The 2015 summer transfer window has seen some of the best defensive-midfielders make moves, especially talented, rising stars like Mattias Kranevitter (to Atlético Madrid) and Lucas Silva (moving to Marseille on-loan from Real Madrid). The calls for a defensive-midfielder doesn’t come in vain, because some of the best teams in the world of football operate with one (I wrote about the benefits of having a defensive-midfielder here, listing out some of the tactical aspects of it than just the run-of-the-mill, cliché reasons).
Instead, the Reds opted to stick with Lucas Leiva as the only true, recognised defensive-midfielder, with the double-pivot in midfield looking likely to be the staple midfield structure in the team throughout the season. The signing of James Milner to partner Jordan Henderson also seems to be the preferred midfield duo for Brendan Rodgers, with the two versatile players plugging gaps in midfield wherever and whenever necessary. Emre Can rotates for either of the aforementioned players above, while Joe Allen’s role in midfield still remains to be seen (as mentioned by Srikanth Bala in the Anfield Index Global Podcast: Episode 15).

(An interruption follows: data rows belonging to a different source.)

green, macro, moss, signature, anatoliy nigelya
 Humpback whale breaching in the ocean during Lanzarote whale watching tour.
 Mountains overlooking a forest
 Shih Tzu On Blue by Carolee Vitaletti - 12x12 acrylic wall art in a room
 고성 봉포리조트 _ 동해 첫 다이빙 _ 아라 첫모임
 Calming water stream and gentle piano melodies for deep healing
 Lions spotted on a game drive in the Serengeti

Without having a midfielder who specialises in the defensive-midfield department, we could still see more devastating results like the 0-3 loss to West Ham United as there is a lack of personnel who truly understands the role and ultimately, someone who can shield the back-line whilst assuring that other players can push higher up the pitch with lesser defensive worries. Four games into the season undoubtedly means that a relatively small sample size compared to the 38-game season is presented, but one can only hope for defensive solidarity when a team has two calamities in defence without anyone to provide a safety net.